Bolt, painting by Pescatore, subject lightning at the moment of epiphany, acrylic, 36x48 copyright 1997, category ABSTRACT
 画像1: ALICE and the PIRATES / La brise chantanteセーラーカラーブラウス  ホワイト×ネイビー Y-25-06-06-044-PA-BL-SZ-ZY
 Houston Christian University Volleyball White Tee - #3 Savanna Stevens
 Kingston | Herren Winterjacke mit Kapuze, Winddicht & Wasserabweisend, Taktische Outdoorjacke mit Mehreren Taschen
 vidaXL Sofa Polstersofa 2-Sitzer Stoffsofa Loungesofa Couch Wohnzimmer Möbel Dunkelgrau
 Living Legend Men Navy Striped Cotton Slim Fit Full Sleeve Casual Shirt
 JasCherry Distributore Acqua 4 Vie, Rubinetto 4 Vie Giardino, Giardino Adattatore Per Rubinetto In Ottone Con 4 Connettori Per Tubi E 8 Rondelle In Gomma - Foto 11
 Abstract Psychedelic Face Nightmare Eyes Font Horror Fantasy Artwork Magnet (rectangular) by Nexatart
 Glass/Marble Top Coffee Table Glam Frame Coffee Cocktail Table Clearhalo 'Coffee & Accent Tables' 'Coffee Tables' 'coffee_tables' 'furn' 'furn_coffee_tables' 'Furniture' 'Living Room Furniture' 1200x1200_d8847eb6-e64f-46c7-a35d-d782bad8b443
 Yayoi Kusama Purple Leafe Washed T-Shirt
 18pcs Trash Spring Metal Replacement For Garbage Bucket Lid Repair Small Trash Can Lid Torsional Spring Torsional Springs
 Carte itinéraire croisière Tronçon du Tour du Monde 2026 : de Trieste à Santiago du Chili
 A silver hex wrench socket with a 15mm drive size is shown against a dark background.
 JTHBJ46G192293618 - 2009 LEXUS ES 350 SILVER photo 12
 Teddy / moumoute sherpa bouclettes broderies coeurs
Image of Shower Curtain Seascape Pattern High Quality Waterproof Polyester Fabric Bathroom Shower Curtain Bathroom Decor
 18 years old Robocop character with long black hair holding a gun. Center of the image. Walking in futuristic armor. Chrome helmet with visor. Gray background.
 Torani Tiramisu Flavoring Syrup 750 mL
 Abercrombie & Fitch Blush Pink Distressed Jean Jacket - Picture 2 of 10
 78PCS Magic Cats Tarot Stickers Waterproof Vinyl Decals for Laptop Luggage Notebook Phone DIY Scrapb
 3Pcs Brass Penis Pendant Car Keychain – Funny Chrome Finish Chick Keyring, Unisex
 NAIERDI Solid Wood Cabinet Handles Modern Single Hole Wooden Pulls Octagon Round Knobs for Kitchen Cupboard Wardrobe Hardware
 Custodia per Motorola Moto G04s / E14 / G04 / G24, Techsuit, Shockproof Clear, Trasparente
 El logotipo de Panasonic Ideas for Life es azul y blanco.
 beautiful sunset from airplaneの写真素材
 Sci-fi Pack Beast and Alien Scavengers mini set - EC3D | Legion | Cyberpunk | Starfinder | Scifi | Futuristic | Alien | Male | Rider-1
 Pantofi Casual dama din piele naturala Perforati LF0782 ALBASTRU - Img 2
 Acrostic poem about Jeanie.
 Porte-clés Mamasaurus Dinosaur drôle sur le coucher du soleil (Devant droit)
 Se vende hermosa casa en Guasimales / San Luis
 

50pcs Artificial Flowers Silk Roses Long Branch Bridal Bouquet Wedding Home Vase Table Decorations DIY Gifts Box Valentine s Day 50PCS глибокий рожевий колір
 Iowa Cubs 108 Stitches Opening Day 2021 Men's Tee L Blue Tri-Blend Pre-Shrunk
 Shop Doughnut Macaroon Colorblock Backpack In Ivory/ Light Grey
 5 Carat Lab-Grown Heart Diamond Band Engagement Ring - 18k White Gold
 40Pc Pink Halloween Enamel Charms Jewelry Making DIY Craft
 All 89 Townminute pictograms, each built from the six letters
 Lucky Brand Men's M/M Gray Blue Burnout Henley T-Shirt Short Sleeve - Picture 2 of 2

§ §

WHAT YOU HAVE TO DO:
Scan the records above for the lines holding "3Pcs Brass Penis" and "Acrostic poem about Jeanie.". Transcribe those two and every line between them word for word, and no others.

REPLY:
 3Pcs Brass Penis Pendant Car Keychain – Funny Chrome Finish Chick Keyring, Unisex
 NAIERDI Solid Wood Cabinet Handles Modern Single Hole Wooden Pulls Octagon Round Knobs for Kitchen Cupboard Wardrobe Hardware
 Custodia per Motorola Moto G04s / E14 / G04 / G24, Techsuit, Shockproof Clear, Trasparente
 El logotipo de Panasonic Ideas for Life es azul y blanco.
 beautiful sunset from airplaneの写真素材
 Sci-fi Pack Beast and Alien Scavengers mini set - EC3D | Legion | Cyberpunk | Starfinder | Scifi | Futuristic | Alien | Male | Rider-1
 Pantofi Casual dama din piele naturala Perforati LF0782 ALBASTRU - Img 2
 Acrostic poem about Jeanie.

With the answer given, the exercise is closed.